I hasten to stress that I don’t mean to imply that everyone who’s ever held authority in a church has been desperate to cling to that authority at any cost, or has been willing to sacrifice adherence to scripture for the sake of comfort and ease. On the contrary, there are many, many people who hold authority in churches who are remarkably humble and self-sacrificial and zealous, and just genuinely hold a different view to mine about this whole Nicolaitans business. But surely it’s not totally unfair to suggest that we tend to have a harder time acknowledging Biblical truths when they demand the dismantling of systems we like and benefit from. That’s true also of those of us who don’t lead in church ourselves, but are fond of the system, perhaps because it absolves us of certain responsibilities, or creates the illusion that we can outsource our pursuit of holiness.

So, do I think the Church has been living a lie for almost two thousand years? Not really. I do think that a lot of people in the Church have been getting a lot of different things wrong in various times and places during the past two thousand years or so. I also think that churches run without leadership structures are likely to leave smaller footprints in the historical record than churches run with leadership structures. I don’t think I have got hold of some extra-special revealed truth, and I hope some of you who know me well would be kind enough to call me out if I claimed that I had. I think that, in the face of profound divergence of exegetical opinions amongst the body of Christ, each of us has no choice but to go by what we ourselves can see in the scriptures. And one thing I think I can see in them is that the Nicolaitan heresy is one, like the others mentioned in the seven letters, that a lot of Christians have fallen and continue to fall for.

Jesus’ rebukes to the seven churches stand for us too. We need to be ready to hear his call to repentance. But his promises that to the one who conquers, he will grant to eat from the tree of life; and to escape the second death; and to access his daily provision and a new identity; and to rule the nations with him; and to be written and acknowledged in the presence of God; and to dwell in his presence; and to share the Lord’s own throne – these promises stand for us too. Whatever we may get wrong, he is able, by his blood shed on our behalf, to make us stand – and we’re to strive not to get it wrong only in the light of that breathtakingly glorious truth.

Footnotes

1 There are more of them now than I read, it turns out: http://www.megcabot.com/princessdiaries/.

2 You might want to read those ones first, actually.

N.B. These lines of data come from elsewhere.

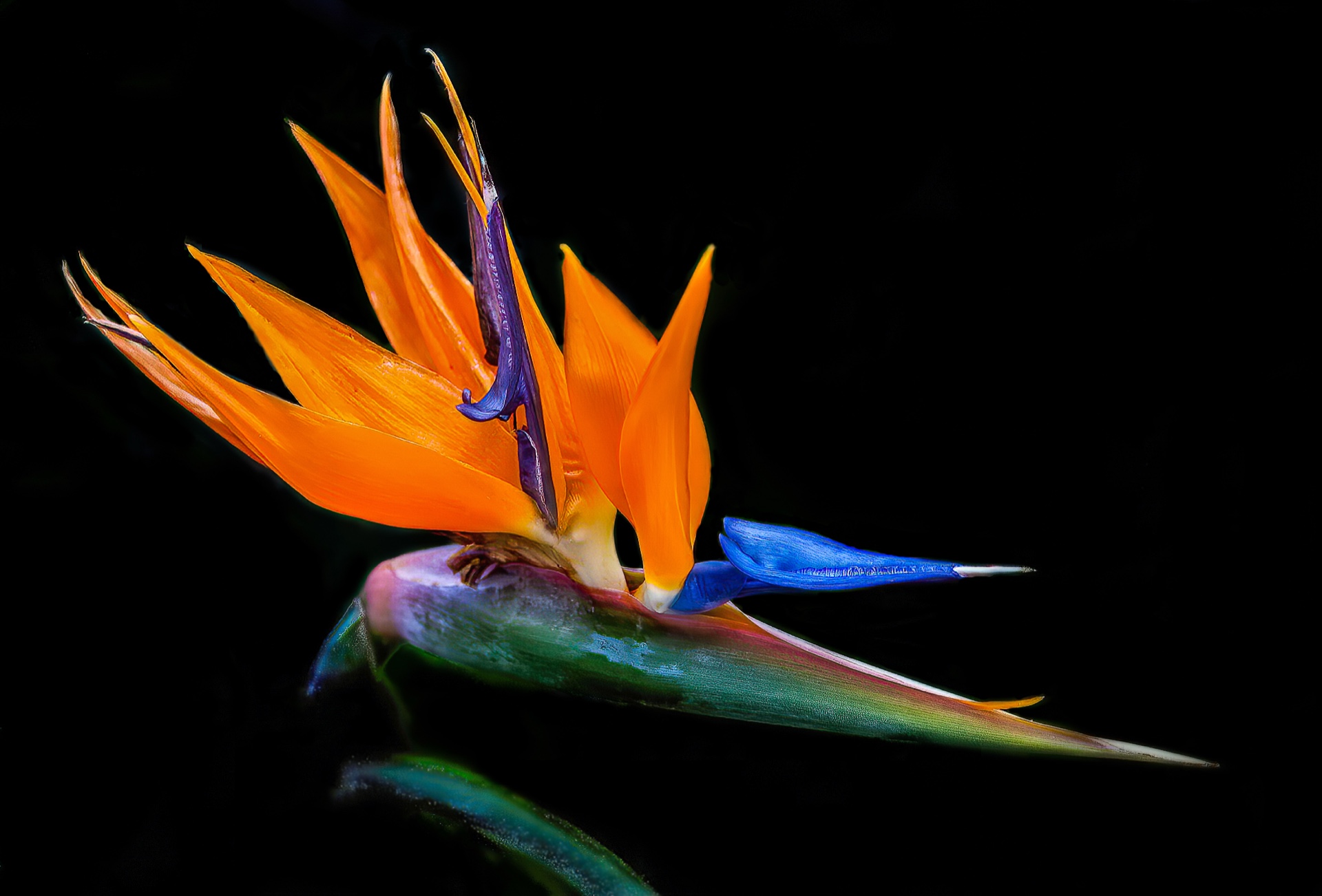 Bird of Paradise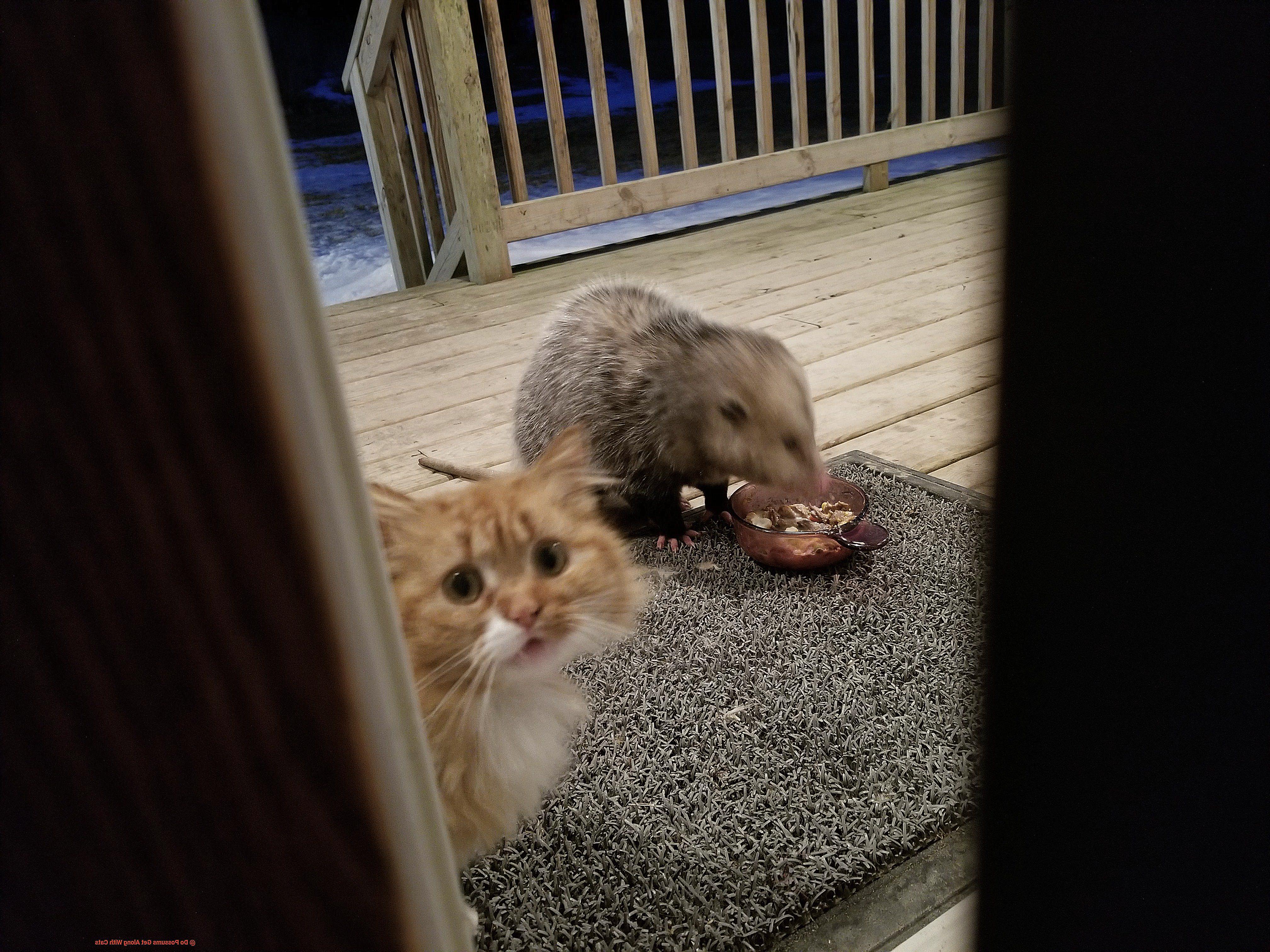 Do Possums Get Along With Cats-3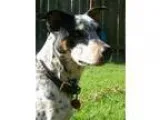 Adopt Nitro a Australian Cattle Dog (Blue Heeler) Jack Russell T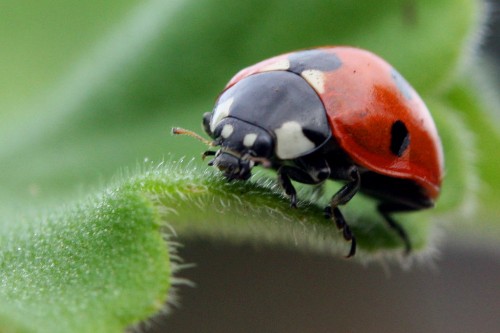 How many ladybugs can you find? The Lost Ladybug Project | Root Simple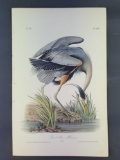Audubon First Edition Octavo Plate No. 369 Great Blue Heron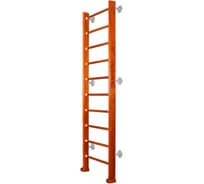 Шведская стенка Kampfer Classic Wall, №4 вишневый, стандарт, антик K04297019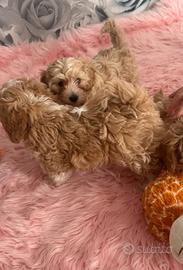 Cuccioli di maltipoo maschi e femmine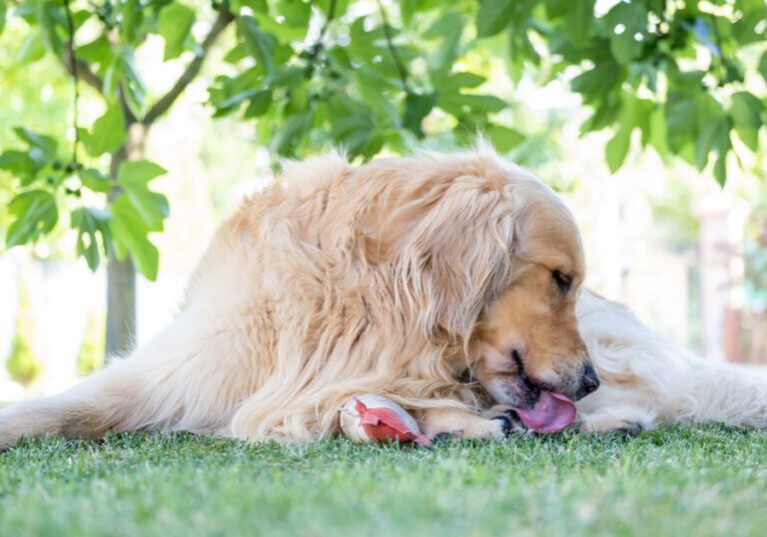 golden retriever dog laying outside in the grass while licking his paws
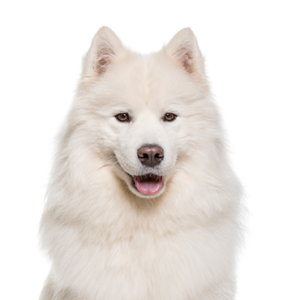 Popular Dog Breeds - Petland Kennesaw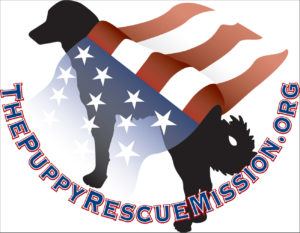Virtual Strides Virtual Race - Puppy Rescue Mission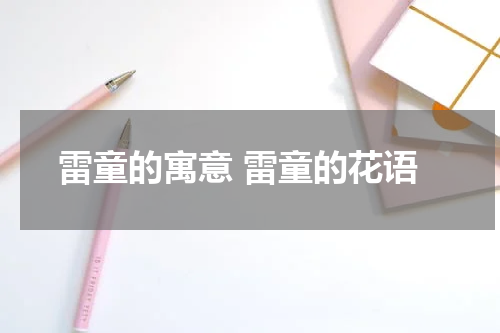 雷童的寓意 雷童的花语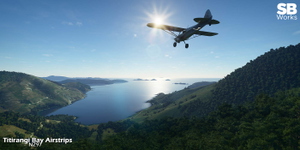 Titirangi Bay Airstrips (NZ97) thumbnail 9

I’ve been thinking about this stuff so much that I’ve hit that point where I can’t tell how much of what I’m saying makes no sense without preestablished context.

3 There’s some good stuff in Michael Reeves’ The Unquenchable Flame about the sorry state of mediaeval Roman Catholicism and what the Reformers sought to correct: https://www.10ofthose.com/products/21785/the-unquenchable-flame. Hilarious/depressing examples that I vaguely recall include rival Popes excommunicating one another, and the idea that cramming as many Mass attendances into your Sunday as possible was a way of obtaining extra grace. Laugh. Cry.

4 Look, I’ll even give you a link: https://www.biblegateway.com/passage/?search=Revelation+2-3&version=ESVUK. Aren’t I generous?

5 We’re pretty good at calling this one out in the (prosperous) west, but it’s a massive, massive problem for the Church in much of the developing world. Here are some versified thoughts on the subject from the talented and zealous Shai Linne: https://www.youtube.com/watch?v=KJmcEAwazD0. (Lyrics in video not totally accurate, but whatever.)

6 This, I’d say, is the next most controversial point of the five errors I identify, after the whole Nicolaitan thing. But I’m not going to make this post any more unwieldy in length by talking about that one today.

7 If you don’t know what I’m talking about in this sentence, don’t worry. These things are really not that big of a deal. I sort of wish I didn’t know what I was talking about either; I’m sure the required brain-space could be spent on something far more useful.